The name comes from metallurgy: heat a metal up, then cool it slowly so atoms settle into a low-energy crystal lattice. The optimization analogy treats cost as energy and solutions as atomic configurations.
Compared with greedy local search
| Greedy | Simulated Annealing | |
|---|---|---|
| Accept worse move? | Never | Yes, with prob e−ΔC/T |
| Escapes local optima? | No | Yes (early on) |
| Converges to? | A local optimum | Global, given slow enough cooling |
The algorithm
SIMULATED_ANNEALING(initial S0):
S ← S0; S_best ← S
T ← T0 // 1: initial temperature
while (stopping criterion not met): // 2: outer loop
for counter = 1..MaxIterations: // 3: iterations per T
S' ← perturb(S) // small random change
ΔC ← C(S') − C(S)
if ΔC ≤ 0: // better → always take
S ← S'
if C(S') < C(S_best): S_best ← S'
else: // worse → take sometimes
α ← random uniform(0,1)
if α ≤ e−ΔC / T:
S ← S'
T ← cool(T) // 4: temperature schedule
return S_best
The 4 parameters you must set
1. Initial temperature T₀
Pick T₀ so that, at the start, bad moves are accepted with probability ≈ 0.9. Procedure:
Set Pr = 0.9, start with some T. Try 1000 perturbations. Count the fraction of bad moves that get accepted. If fraction < 0.9: T ← T * 2; retry. Repeat until fraction ≥ 0.9.

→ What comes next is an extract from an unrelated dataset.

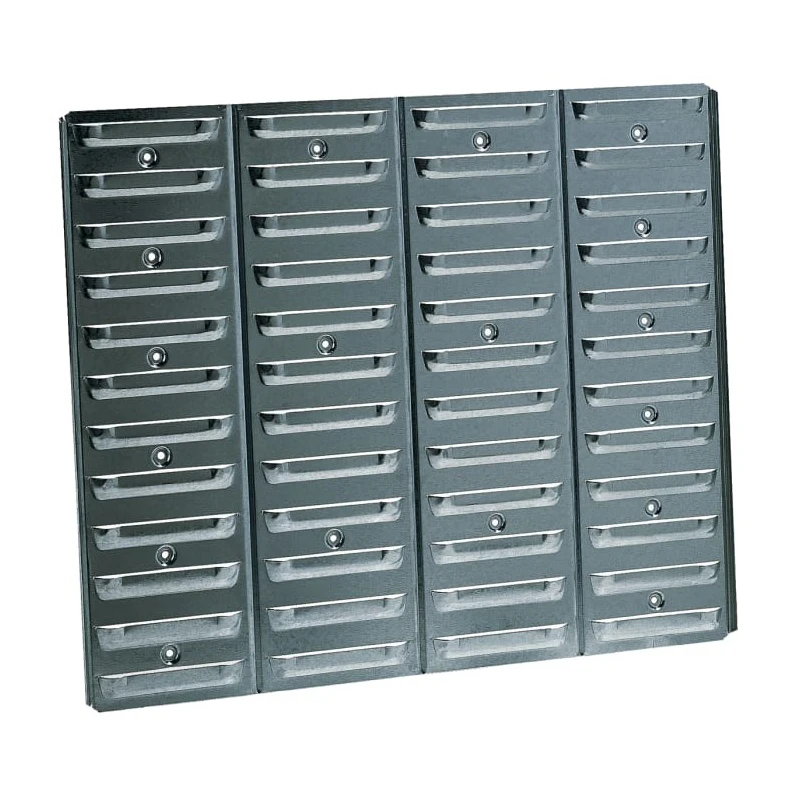 Raaco Steel Workshop Storage System 139830, Wall Mount Steel Cabinet with Panels and Bins, H 440 mm x W 1866 mm x D 150 mm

This calibrates T to the scale of cost differences in your problem.
2. Number of iterations per temperature
Let N = number of variables. Try N, N², or N³; pick the smallest value where increasing it doesn't improve the answer noticeably. More iterations = more exploration at each temperature.
3. Cooling schedule
Most common: geometric cooling with α close to 1.
T_new = 0.9 * T_old // slow cooling — good T_new = 0.5 * T_old // fast cooling — converges to local opt fast
4. Stopping criterion
Stop when T < 0.0001 — at that point, e−ΔC/T ≈ 0 for any positive ΔC, so SA behaves like a pure greedy.
Interactive demo (TSP)
Watch SA progressively shrink the tour. Notice how the temperature plot drives bad-move acceptance.
Exam tips
Frequently asked
- "State the SA algorithm" — write the nested loop structure, include the acceptance formula
α ≤ e−ΔC/T. - "What are the four parameters?" — initial T, iterations per T, cooling rate, stopping T.
- "Why slow cooling?" — fast cooling traps you in local optima; slow cooling lets the system explore.
- "What does T → 0 mean?" — SA reduces to greedy: only better moves accepted.
- "Compute acceptance probability" — plug ΔC and T into e−ΔC/T.